Tuesday, January 23, 2007

Mean Me

I'm starting to be mean. I've noticed when I'm on call, I have a lower threshold of getting mad and speaking my mind than I normally do. I start to say what I'm thinking without keeping my mouth shut. My first victims Sunday morning were some construction workers who came into the call room area at 8:30am and starting doing work. If that wasn't bad enough, they knocked on my door, woke me up, and said they needed in my room and would be there all day working on the cables in the ceiling. I'd had enough. "Look", I said, "I'm here for the next 30 hours and this is the ONLY time I'm going to get any sleep..." I lost that battle. My pager started going off soon after that anyway. I apologized later to those guys. They were just doing their job.

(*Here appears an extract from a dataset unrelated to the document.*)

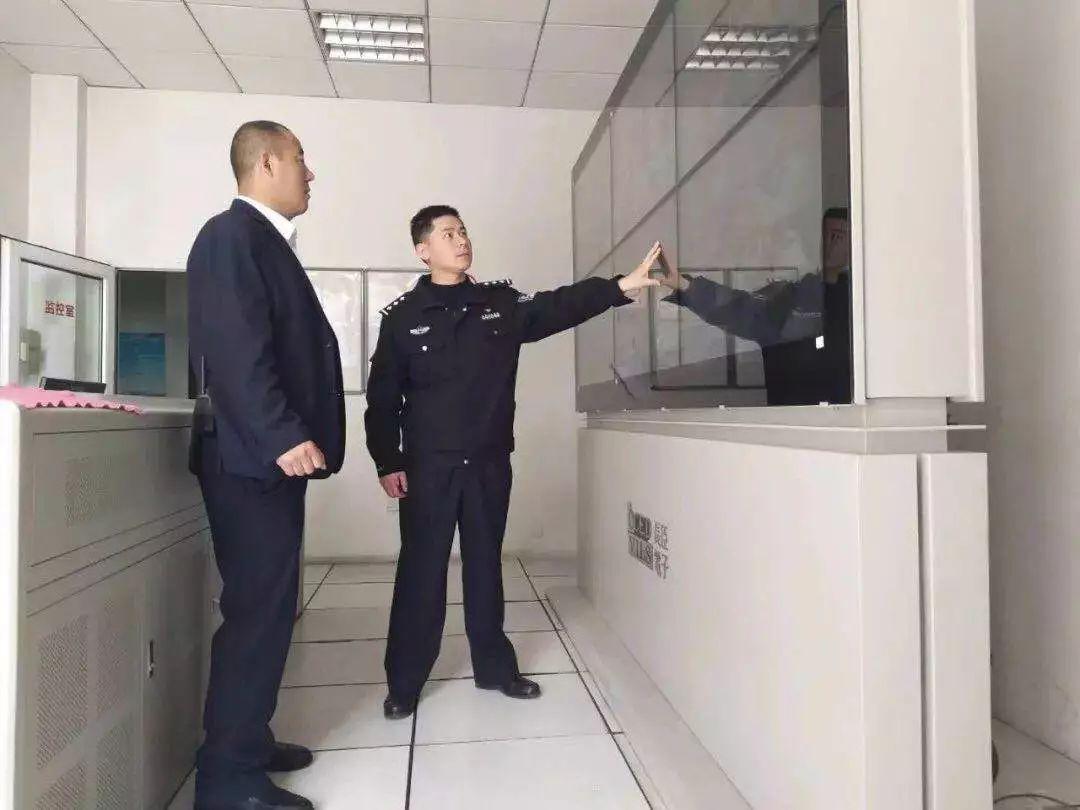 最新智能门锁，时代进步的产物与安全的守护者守护者。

There weren't anymore victims until about 6:30am the next day, when I got paged with the Rapid Assessment Team to go see a patient (who is supposed to be in dire straights for us to get called). I get to the pt's room and there was no nurse to be found to clue me in on why we were called. The patient was just calmly lying there and I asked her if she was okay and she said she was. I went out to the nurses station and asked who the nurse was for that room and why is nobody in there to fill us in on why we were called. She explained she was standing in the hall to direct all the responders what room to go to. Well, that's great and all but she's supposed to be in the patient's room helping us since she's the only one who knows the patient. I was more than a little short with her. I felt bad later and apologized. I was right, it is a rule that when you page the team you must have somebody at all times in the patient's room so we know what's going on, but I thought long and hard later about how I came off. Here I am, this young, snot nosed doctor, getting snippy with a 50-something nurse who probably has more years of nursing on her belt than I have years of breathing. In my exhaustion from being up all night, I forgot to treat her like a person. I hope I don't let that happen again.

So that night, I had 3 rapid assessment team calls, 8 hospital admissions, and a code blue (that I successfully resuscitated only to find out that the pt had a signed DNR in her chart that somehow none of the nurses knew about). I felt really bad about that one. She did die later that night.